## Given records:
Start of Block

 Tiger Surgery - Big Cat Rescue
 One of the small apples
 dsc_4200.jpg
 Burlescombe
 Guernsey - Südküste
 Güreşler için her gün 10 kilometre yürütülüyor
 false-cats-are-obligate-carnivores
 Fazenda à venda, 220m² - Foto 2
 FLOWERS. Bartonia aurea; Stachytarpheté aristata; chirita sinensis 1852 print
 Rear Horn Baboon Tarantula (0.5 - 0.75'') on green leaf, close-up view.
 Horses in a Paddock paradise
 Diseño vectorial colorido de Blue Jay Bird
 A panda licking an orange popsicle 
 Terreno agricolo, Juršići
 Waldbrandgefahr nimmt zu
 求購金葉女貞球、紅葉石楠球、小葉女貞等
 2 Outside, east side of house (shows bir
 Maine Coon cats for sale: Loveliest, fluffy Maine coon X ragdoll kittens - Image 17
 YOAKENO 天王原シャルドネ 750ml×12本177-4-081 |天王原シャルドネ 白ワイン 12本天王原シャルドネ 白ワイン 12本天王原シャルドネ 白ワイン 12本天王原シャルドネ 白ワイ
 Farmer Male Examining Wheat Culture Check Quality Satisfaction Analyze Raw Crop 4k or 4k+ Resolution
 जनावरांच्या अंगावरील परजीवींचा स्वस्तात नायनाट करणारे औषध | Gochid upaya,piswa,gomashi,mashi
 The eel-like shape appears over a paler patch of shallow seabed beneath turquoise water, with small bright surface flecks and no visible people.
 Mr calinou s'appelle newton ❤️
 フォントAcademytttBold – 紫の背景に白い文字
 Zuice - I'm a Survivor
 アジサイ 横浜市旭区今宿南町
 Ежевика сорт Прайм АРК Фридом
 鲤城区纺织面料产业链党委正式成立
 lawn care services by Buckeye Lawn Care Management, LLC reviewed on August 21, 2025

End of Block

## Task objective:
The answer is the line containing "アジサイ 横浜市旭区今宿南町" together with every line after it in the records, repeated exactly and with nothing else.

## Exercise solution:
 アジサイ 横浜市旭区今宿南町
 Ежевика сорт Прайм АРК Фридом
 鲤城区纺织面料产业链党委正式成立
 lawn care services by Buckeye Lawn Care Management, LLC reviewed on August 21, 2025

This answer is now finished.